1 Samuel 27:5-7

The Grave of Exile in Ziklag Text: 1 Samuel 27:5-7

Introduction: When the Anointed Sprints to Gath

We come now to a perplexing and frankly dismal chapter in the life of David. It is a season of profound spiritual depression, a time when the man after God's own heart begins to walk by sight and not by faith. He has been anointed king. He has been delivered from Saul’s hand time and again. He has seen the clear and repeated providence of God fencing him in. And yet, in the first verse of this chapter, we read that "David said in his heart, 'I shall now perish one day by the hand of Saul.'" This is the logic of unbelief. This is what happens when we listen to our own fearful hearts instead of the promises of God.

This chapter is a case study in the anatomy of compromise. It begins with a failure of faith, which leads to a flight to the enemy, which in turn necessitates a web of calculated deception. David, the future king of Israel, becomes a vassal of a Philistine king. He who was destined to rule from Jerusalem is now begging for a small town in the land of the uncircumcised. This is a low point, and the Scriptures do not whitewash it. God's heroes are presented with all their warts, all their failures, precisely so that we might see that the story is not about their greatness, but about the unblinking, sovereign faithfulness of God.

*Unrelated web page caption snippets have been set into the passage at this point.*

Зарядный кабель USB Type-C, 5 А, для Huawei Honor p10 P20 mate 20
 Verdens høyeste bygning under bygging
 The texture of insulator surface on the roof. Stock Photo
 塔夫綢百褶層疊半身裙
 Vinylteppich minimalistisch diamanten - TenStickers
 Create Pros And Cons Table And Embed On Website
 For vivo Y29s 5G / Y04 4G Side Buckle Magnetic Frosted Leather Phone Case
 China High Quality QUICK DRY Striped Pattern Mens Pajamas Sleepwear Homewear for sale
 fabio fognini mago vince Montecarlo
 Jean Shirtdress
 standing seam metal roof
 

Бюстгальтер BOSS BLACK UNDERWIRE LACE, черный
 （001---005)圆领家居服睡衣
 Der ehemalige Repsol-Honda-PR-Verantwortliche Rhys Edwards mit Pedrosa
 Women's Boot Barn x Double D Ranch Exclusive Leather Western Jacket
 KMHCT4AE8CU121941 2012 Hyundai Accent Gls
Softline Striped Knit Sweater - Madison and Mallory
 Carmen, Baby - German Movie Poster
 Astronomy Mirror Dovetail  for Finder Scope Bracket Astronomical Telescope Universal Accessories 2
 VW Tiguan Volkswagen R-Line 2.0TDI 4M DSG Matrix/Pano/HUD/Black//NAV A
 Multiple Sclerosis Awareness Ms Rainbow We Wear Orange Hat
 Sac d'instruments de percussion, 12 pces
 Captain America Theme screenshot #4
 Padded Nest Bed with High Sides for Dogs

God's purposes are not thwarted by our foolishness. In fact, God in His hard providence often uses our foolishness to chasten us, to teach us, and ultimately, to advance His kingdom. David had to go down to Ziklag before he could ascend to Jerusalem. He had to be brought to the end of his own cleverness to learn to rely wholly on God's grace. This is a pattern we see throughout Scripture. Israel had to go down to Egypt. Jesus Himself, the greater David, was taken to Egypt as a child. There is a type of death and resurrection that must occur, a going down into the grave of exile before the glory of the throne. David is not just running from Saul; he is being driven by God into a necessary death, a death to his own self-reliance.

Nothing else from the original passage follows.